Dombrowski was born in Hamburg in 1917 and began to take pictures as a high-school student. He was 19 when he went to the Hamburg port at night to photograph the SS St. Louis. The image, taken with a used Leica camera, was published on the cover of Reclams Universum, a popular illustrated magazine. Three years later the ship’s name became synonymous for the plight of German Jews, when it carried 900 refugees who were barred from entering Cuba and the United States and had to return to Europe. The ordeal took 50 days. More than 600 of the SS St. Louis passengers later died in concentration camps.
After the war Herbert Dombrowski started a career as a professional photographer. He opened a small studio in the Hamburg neighborhood of Eppendorf and began to work for a furniture store and the local hairdresser’s guild. During 1949 and 1950 he made money by taking pictures of beachgoers in Timmendorfer Strand, a seaside resort on the shores of the Baltic Sea, and learnt how to interact with people directly.

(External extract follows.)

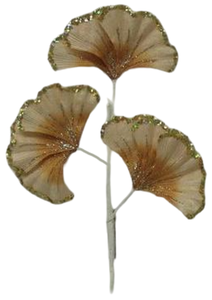 Ветка гинкго ChristmasDeLuxe бежево-золотая, 24 см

Aside from extensive assignments such as a documentary of all of the old housing stock in the borough of Altona for Neue Heimat, the owner of a huge number of apartment buildings (1953-1956), he developed a journalistic eye for regular people in their daily surroundings. He shot images of shipyard workers and ships in Hamburg harbor, female spectators at the race tracks in their elegant dresses, men at the stock exchange, people in the streets, in market places such the Fischmarkt or in the district of St. Pauli.
He photographed for Hamburger Journal, Stern Magazine and the news weekly Der Spiegel. „I got into Stern because of a series of photos I had a shot at Ballhaus Jahnke in St. Pauli – at a dance hall. There I took pictures of sailors and hookers“, Dombrowski said. Editor-in-chief Henri Nannen was enthusiastic and published the series.
In the sixties his style was discovered by advertising agencies. He worked successfully for companies such as VW, BMW and ESSO. He retired in 1985. He died in May 2010 at the age of 93.